### Records shown

━━━━━━

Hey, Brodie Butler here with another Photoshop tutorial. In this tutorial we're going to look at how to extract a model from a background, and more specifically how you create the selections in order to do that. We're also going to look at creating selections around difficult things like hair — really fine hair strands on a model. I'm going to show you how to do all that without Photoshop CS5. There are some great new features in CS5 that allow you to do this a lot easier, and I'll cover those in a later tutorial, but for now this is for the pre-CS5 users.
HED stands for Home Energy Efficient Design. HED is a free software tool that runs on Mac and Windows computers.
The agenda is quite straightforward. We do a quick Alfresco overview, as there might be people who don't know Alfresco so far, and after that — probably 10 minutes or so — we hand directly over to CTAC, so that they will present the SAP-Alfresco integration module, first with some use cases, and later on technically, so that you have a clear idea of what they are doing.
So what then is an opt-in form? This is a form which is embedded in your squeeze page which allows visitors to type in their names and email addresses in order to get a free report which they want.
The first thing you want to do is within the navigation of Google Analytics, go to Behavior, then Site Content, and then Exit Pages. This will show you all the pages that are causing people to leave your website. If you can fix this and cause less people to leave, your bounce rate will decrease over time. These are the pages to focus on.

━━━━━━

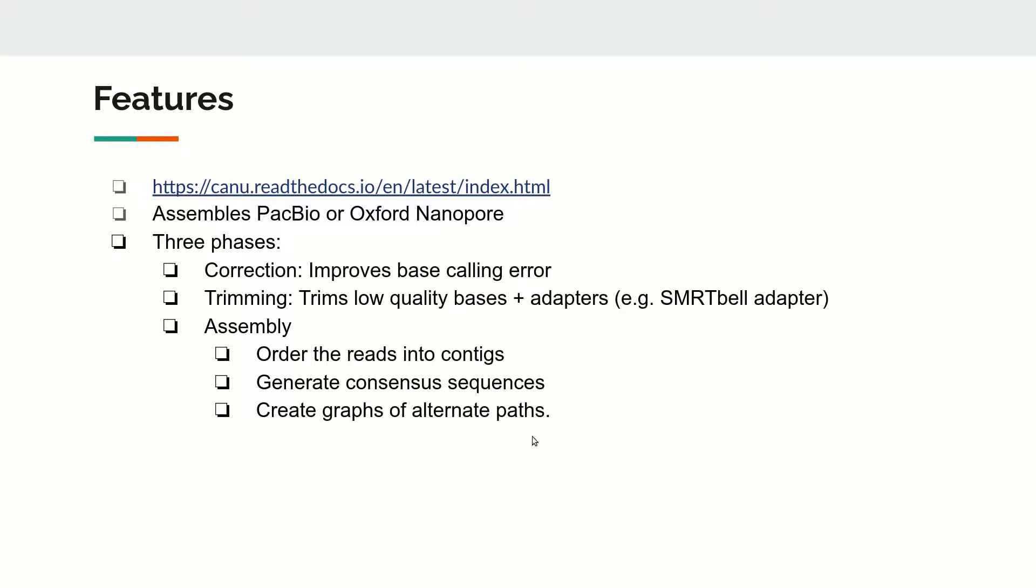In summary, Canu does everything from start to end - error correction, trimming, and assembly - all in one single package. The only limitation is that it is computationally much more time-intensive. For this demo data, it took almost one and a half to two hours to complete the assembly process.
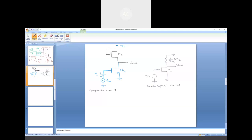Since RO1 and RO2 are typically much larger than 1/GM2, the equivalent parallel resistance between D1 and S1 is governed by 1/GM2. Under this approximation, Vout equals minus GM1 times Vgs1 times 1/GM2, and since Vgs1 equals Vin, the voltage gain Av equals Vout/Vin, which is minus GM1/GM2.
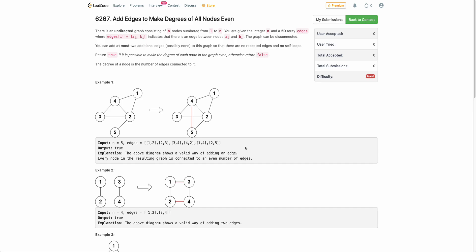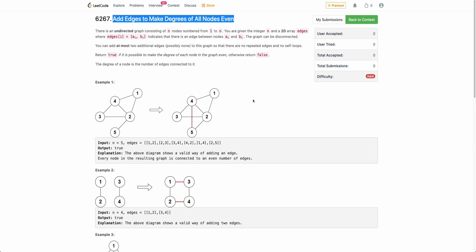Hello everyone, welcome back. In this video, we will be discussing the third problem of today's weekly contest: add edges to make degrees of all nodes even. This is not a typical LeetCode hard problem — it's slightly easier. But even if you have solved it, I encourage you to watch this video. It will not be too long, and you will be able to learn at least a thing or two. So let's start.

━━━━━━

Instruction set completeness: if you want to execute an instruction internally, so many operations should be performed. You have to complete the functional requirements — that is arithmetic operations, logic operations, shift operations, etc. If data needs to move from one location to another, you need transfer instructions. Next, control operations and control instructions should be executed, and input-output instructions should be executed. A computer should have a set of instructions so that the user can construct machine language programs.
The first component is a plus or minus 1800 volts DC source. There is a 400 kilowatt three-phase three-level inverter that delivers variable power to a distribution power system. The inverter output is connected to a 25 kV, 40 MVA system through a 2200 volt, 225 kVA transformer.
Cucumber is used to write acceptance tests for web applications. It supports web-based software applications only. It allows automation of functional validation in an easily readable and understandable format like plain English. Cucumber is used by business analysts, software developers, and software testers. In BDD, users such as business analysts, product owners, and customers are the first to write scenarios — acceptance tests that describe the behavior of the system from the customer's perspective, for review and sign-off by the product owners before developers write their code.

━━━━━━

### What is required
Return the material from the line containing "Since RO1 and" through the line containing "Hello everyone, welcome", exactly and in full, but without its pictures.

### Reply
Since RO1 and RO2 are typically much larger than 1/GM2, the equivalent parallel resistance between D1 and S1 is governed by 1/GM2. Under this approximation, Vout equals minus GM1 times Vgs1 times 1/GM2, and since Vgs1 equals Vin, the voltage gain Av equals Vout/Vin, which is minus GM1/GM2.
Hello everyone, welcome back. In this video, we will be discussing the third problem of today's weekly contest: add edges to make degrees of all nodes even. This is not a typical LeetCode hard problem — it's slightly easier. But even if you have solved it, I encourage you to watch this video. It will not be too long, and you will be able to learn at least a thing or two. So let's start.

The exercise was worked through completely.